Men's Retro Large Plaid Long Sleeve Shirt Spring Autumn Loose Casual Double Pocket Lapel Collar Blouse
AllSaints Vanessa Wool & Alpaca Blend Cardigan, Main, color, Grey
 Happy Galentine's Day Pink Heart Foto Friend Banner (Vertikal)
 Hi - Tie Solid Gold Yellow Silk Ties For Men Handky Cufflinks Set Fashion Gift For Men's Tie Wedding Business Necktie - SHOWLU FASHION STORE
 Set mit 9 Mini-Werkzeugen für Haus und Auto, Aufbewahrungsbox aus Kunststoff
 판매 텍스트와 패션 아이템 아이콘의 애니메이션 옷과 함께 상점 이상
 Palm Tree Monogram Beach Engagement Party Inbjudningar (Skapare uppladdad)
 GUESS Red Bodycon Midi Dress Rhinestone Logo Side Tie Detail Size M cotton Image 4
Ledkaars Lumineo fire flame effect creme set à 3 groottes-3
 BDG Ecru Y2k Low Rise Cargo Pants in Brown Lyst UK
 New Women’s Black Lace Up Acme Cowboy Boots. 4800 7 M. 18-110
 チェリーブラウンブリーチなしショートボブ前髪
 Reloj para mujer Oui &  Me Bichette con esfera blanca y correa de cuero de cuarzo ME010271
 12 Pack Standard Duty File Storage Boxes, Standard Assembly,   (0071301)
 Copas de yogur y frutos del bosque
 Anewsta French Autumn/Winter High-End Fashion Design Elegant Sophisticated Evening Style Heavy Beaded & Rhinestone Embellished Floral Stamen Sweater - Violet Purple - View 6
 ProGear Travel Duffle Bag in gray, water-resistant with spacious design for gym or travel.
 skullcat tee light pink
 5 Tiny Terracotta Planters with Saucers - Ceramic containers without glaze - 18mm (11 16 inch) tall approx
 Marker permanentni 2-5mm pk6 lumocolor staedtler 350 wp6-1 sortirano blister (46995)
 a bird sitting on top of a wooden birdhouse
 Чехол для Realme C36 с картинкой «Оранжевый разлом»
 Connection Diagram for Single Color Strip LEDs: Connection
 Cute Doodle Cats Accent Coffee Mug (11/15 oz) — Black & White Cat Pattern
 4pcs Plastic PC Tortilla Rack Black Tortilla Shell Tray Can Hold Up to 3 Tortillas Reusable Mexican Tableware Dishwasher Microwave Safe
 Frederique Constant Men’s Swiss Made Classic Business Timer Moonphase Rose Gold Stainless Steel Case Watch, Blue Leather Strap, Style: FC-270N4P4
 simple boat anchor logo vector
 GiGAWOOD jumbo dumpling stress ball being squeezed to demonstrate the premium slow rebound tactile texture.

....

Exercise directions
The answer must hold only the lines from the first line of the data through the line bearing "Reloj para mujer", returned exactly.

Response below
Men's Retro Large Plaid Long Sleeve Shirt Spring Autumn Loose Casual Double Pocket Lapel Collar Blouse
AllSaints Vanessa Wool & Alpaca Blend Cardigan, Main, color, Grey
 Happy Galentine's Day Pink Heart Foto Friend Banner (Vertikal)
 Hi - Tie Solid Gold Yellow Silk Ties For Men Handky Cufflinks Set Fashion Gift For Men's Tie Wedding Business Necktie - SHOWLU FASHION STORE
 Set mit 9 Mini-Werkzeugen für Haus und Auto, Aufbewahrungsbox aus Kunststoff
 판매 텍스트와 패션 아이템 아이콘의 애니메이션 옷과 함께 상점 이상
 Palm Tree Monogram Beach Engagement Party Inbjudningar (Skapare uppladdad)
 GUESS Red Bodycon Midi Dress Rhinestone Logo Side Tie Detail Size M cotton Image 4
Ledkaars Lumineo fire flame effect creme set à 3 groottes-3
 BDG Ecru Y2k Low Rise Cargo Pants in Brown Lyst UK
 New Women’s Black Lace Up Acme Cowboy Boots. 4800 7 M. 18-110
 チェリーブラウンブリーチなしショートボブ前髪
 Reloj para mujer Oui &  Me Bichette con esfera blanca y correa de cuero de cuarzo ME010271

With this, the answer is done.